→ Extracted entries:
★ ★ ★ ★

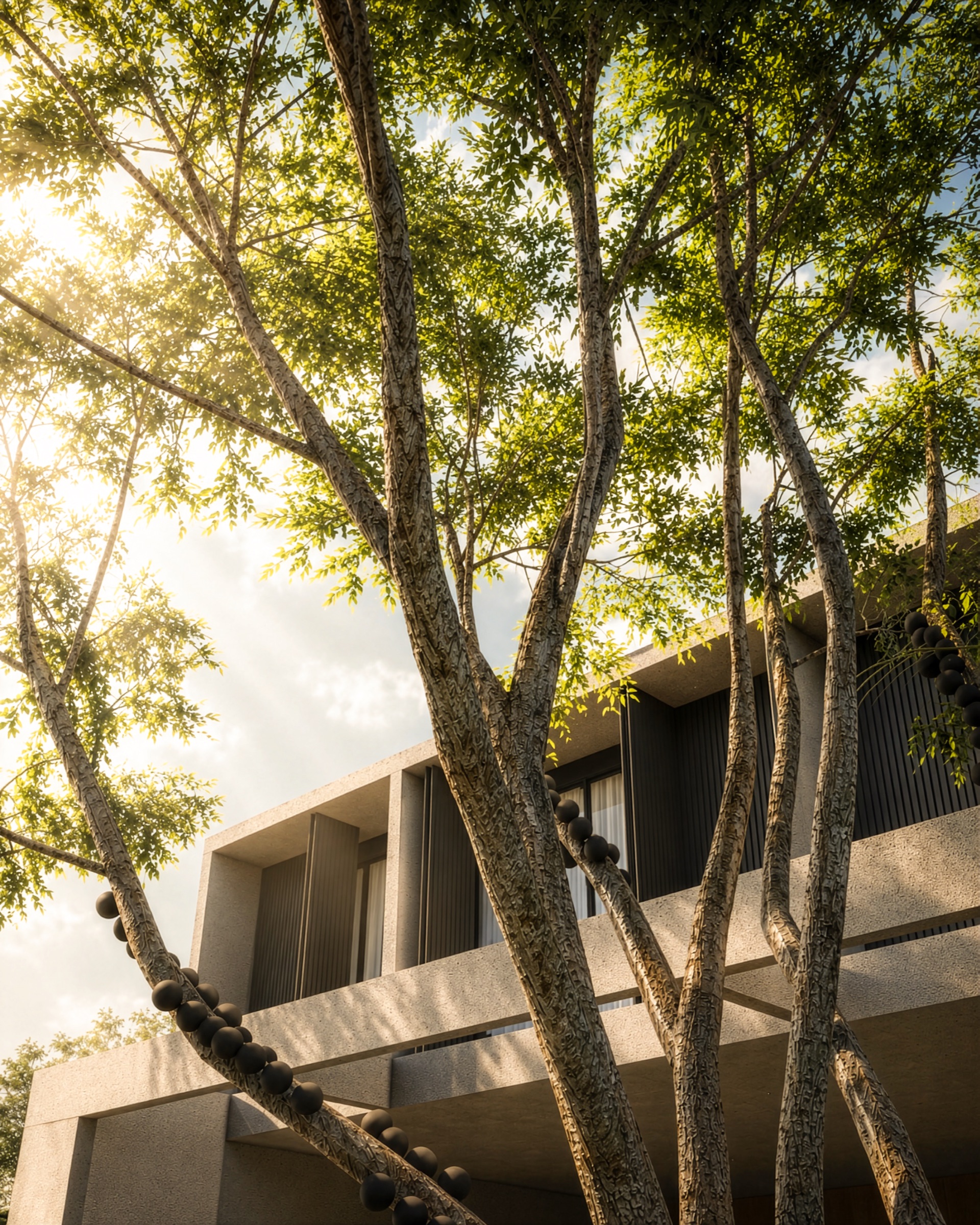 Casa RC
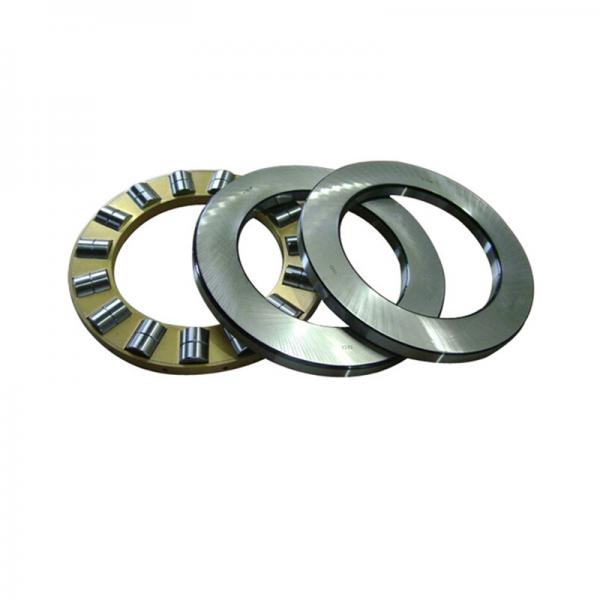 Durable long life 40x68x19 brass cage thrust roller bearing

★ ★ ★ ★

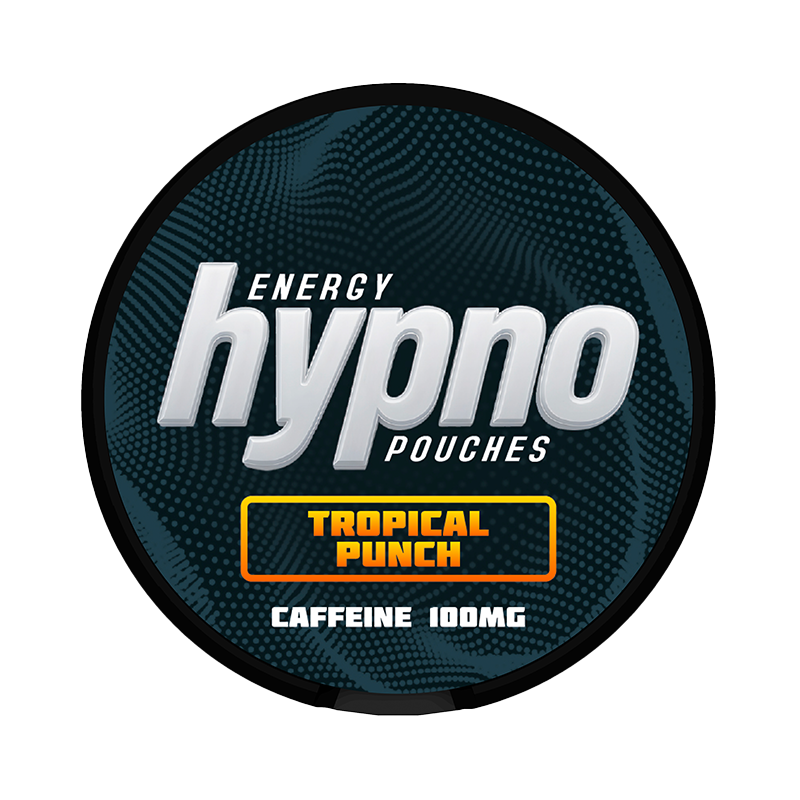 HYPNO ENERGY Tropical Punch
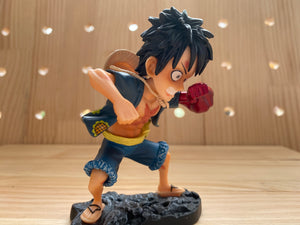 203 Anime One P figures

★ ★ ★ ★

→ About this task:
Produce an exact reproduction of the listing above, limited to the lines starting at the line with "HYPNO ENERGY Tropical Punch" and ending at the line with "203 Anime One P figures", both kept, with every picture left out.

→ Exercise result:
 HYPNO ENERGY Tropical Punch
 203 Anime One P figures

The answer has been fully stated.